Glacier Front Positions
Approximately half of the total ice mass lost every year from the Greenland Ice Sheet is discharged into the sea as icebergs through marine-terminating outlet glaciers, while the other half runs off as melt water.
On this map, you can click on twenty major outlet glaciers and see the most recently available satellite image. The key information in the picture is the position of the glacier front. On each satellite image, the positions of the glacier at the end of the melting season in September (“terminus”) are shown for the year 2000 (marked with a red line) and for the mid-1980s (marked with a green line).

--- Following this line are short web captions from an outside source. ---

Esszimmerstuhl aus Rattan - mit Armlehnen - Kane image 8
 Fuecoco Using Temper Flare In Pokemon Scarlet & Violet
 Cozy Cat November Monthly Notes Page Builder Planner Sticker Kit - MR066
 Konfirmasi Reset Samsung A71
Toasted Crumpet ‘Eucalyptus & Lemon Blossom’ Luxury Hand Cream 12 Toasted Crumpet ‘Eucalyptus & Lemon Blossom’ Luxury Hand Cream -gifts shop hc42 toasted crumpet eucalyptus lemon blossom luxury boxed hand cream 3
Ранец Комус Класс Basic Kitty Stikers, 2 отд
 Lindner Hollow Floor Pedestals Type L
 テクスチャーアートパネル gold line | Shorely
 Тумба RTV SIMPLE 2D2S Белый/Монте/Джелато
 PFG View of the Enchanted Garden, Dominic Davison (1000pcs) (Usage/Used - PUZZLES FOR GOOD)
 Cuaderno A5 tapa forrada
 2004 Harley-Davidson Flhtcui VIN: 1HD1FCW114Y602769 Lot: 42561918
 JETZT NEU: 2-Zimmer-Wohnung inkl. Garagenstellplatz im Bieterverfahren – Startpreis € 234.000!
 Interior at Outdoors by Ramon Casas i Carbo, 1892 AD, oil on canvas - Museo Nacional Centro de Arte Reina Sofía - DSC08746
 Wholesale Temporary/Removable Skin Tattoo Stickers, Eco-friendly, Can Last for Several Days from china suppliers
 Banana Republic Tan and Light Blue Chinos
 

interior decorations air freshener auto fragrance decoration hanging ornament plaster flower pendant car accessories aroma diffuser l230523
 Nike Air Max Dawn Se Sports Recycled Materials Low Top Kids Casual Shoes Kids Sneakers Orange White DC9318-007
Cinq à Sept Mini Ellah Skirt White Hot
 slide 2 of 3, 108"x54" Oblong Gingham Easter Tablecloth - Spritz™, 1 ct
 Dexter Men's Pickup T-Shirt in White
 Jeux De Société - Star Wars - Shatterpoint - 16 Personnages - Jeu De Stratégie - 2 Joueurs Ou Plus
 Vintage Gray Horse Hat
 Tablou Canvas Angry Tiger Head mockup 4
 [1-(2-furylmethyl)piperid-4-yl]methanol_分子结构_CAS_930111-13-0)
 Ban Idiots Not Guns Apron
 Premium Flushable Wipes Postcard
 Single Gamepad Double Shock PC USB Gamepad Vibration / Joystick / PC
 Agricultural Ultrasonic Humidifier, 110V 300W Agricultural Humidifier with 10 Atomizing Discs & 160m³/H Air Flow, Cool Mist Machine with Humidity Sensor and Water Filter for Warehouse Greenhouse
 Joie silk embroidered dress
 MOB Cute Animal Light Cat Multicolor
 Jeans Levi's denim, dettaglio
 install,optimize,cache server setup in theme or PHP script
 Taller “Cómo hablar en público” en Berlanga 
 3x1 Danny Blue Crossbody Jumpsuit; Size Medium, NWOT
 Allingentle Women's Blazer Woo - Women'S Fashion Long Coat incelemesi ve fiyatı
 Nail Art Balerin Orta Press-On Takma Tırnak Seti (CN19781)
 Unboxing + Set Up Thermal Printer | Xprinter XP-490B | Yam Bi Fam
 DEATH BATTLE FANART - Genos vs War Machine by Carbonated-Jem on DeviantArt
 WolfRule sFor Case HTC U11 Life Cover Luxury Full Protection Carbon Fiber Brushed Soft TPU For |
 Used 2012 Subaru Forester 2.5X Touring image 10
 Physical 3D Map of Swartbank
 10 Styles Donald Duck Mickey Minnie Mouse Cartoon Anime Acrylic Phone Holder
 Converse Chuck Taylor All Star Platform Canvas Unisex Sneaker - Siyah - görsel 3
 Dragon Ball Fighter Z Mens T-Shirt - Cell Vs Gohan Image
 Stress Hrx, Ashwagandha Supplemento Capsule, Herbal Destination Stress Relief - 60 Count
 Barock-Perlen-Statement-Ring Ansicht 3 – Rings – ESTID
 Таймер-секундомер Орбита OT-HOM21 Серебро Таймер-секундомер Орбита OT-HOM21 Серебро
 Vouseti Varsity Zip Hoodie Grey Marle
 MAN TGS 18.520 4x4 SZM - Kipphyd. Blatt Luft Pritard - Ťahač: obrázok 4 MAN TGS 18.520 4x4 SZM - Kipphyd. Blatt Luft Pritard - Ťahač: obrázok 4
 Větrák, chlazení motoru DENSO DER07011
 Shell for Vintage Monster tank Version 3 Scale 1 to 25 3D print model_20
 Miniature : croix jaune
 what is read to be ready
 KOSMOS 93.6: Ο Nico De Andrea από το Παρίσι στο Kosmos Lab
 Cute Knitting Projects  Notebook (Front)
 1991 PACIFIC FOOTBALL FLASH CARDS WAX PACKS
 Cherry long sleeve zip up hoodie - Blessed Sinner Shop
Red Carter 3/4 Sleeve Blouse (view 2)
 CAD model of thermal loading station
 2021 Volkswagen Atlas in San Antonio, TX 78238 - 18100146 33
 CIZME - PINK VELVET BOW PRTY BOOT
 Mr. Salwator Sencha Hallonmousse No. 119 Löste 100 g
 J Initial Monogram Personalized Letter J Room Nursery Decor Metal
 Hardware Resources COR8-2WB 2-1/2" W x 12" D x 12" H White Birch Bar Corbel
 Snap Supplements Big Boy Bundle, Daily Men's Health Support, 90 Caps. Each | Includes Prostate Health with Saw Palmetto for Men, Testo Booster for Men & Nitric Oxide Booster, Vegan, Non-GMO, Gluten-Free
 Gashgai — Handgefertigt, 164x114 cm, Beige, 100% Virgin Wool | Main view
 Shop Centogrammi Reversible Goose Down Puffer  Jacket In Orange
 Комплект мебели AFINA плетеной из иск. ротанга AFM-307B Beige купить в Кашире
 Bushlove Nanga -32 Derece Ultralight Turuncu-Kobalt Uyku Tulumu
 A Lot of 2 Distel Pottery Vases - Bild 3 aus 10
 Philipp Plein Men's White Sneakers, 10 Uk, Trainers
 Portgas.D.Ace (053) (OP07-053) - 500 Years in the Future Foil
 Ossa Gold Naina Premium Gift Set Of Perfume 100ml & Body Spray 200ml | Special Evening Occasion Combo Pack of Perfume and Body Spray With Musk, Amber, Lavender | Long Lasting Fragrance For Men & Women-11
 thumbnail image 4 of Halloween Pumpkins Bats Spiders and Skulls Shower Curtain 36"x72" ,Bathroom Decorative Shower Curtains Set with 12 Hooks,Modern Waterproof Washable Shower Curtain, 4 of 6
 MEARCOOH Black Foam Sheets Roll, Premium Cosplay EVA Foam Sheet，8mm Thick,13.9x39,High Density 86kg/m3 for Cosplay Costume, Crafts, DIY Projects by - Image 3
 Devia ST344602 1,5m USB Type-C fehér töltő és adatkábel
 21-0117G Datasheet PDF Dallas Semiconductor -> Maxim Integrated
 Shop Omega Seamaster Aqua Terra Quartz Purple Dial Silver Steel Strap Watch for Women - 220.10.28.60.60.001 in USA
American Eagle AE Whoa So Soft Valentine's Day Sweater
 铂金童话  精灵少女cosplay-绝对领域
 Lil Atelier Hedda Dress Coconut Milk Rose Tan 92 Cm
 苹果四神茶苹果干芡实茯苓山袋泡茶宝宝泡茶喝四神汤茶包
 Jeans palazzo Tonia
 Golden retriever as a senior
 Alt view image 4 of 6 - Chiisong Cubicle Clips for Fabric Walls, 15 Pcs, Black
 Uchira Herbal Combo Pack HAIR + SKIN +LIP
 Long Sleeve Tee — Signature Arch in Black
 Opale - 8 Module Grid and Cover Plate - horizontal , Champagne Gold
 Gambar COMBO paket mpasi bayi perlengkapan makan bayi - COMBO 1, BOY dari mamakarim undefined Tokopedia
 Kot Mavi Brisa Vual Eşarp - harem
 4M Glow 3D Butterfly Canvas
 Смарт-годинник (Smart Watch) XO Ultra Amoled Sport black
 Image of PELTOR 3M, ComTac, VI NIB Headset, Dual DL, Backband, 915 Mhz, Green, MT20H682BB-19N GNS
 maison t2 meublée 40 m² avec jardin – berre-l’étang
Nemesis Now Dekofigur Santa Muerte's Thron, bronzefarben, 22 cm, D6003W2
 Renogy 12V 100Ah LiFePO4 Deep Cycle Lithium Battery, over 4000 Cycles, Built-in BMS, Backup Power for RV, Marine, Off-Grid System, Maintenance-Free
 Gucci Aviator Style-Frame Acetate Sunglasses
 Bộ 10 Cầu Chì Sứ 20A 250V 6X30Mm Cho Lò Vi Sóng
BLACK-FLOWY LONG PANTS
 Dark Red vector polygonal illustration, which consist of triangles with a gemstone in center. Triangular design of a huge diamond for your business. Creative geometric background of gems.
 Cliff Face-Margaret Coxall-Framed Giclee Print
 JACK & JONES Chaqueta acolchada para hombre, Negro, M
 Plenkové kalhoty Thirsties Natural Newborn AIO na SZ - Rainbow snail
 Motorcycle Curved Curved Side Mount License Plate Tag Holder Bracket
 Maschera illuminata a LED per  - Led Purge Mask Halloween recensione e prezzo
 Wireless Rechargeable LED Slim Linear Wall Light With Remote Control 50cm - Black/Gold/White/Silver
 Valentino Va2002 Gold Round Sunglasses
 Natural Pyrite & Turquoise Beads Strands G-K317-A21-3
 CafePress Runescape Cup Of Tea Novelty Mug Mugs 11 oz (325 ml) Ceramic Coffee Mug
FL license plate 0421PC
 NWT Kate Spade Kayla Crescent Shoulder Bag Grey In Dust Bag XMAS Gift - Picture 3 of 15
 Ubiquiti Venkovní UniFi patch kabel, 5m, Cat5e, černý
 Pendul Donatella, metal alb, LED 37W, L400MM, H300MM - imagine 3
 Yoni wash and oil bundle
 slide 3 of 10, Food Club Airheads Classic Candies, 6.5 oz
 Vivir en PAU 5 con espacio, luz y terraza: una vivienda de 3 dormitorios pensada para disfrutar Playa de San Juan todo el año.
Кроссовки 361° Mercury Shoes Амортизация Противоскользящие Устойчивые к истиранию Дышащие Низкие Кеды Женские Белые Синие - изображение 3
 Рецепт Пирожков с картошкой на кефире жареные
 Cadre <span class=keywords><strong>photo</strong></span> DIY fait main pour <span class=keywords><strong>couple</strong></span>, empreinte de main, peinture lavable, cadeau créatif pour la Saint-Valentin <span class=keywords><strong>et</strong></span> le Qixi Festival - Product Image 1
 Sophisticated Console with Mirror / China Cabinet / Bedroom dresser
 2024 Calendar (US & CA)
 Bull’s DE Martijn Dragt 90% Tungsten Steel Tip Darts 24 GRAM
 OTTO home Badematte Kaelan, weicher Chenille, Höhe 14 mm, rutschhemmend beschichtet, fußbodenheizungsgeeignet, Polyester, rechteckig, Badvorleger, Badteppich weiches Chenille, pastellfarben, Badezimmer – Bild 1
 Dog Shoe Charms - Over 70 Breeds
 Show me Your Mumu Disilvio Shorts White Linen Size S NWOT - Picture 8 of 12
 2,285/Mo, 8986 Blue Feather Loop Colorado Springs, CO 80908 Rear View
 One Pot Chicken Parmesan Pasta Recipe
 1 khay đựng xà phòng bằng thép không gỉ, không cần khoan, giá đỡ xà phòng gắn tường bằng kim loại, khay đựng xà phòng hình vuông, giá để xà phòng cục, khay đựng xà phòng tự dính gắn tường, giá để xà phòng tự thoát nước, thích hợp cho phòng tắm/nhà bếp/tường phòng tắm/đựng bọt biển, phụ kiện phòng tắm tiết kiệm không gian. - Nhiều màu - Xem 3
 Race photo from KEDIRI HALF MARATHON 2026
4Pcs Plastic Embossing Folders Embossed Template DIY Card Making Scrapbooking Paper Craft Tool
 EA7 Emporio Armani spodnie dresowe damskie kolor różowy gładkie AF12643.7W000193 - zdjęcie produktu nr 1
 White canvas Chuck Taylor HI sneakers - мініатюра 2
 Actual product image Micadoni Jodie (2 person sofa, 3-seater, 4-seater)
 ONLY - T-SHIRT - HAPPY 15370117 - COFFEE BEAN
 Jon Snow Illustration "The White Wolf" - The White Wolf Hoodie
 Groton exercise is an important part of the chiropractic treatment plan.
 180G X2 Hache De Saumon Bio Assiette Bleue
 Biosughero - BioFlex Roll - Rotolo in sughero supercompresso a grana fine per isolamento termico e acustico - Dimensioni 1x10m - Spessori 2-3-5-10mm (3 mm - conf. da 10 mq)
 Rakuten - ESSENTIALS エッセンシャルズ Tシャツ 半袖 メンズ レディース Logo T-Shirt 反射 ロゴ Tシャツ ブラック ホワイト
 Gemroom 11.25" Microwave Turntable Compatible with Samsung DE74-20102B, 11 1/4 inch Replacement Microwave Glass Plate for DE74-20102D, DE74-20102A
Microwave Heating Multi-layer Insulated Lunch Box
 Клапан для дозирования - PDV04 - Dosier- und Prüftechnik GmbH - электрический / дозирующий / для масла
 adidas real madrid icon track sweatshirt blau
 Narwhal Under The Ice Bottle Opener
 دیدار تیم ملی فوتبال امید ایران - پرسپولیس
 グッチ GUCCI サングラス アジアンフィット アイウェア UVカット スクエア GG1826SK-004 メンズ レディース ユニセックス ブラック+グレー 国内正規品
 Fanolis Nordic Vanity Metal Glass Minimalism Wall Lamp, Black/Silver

In this example of a satellite image, you can see how the glacier front has retreated from its position in the 1980s to that in the year 2000, and retreated even further until now. The glacier fronts are marked with blue the frame.
All satellite images displayed are from the Landsat 5, Landsat 7 and Landsat 8 satellites. The ground resolution of the original images is 30 m x 30 m, rescaled here to obtain a suitable image size over the areas of interest. Updates follow the availability of new images and are more frequent for major outlet glaciers; however, at times cloud cover will obstruct the view. The original Landsat data are available from the U.S. Geological Survey. The overlays of the positions of the glacier terminus are based on Citterio and Ahlstrøm (2013) and by Howat et al. (2014) processed at GEUS by Filippo Calí Quaglia.
Clicking on the green box shows measurements of ice velocity of Jakobshavn Glacier fra Sentinel-1 satellites.
Monitoring of glacier margin positions is a component of PROMICE, the Danish Programme for Monitoring of the Greenland Ice Sheet.
Reprocessing of older archived data is progressing, so the displayed historical series is gradually extending back in time.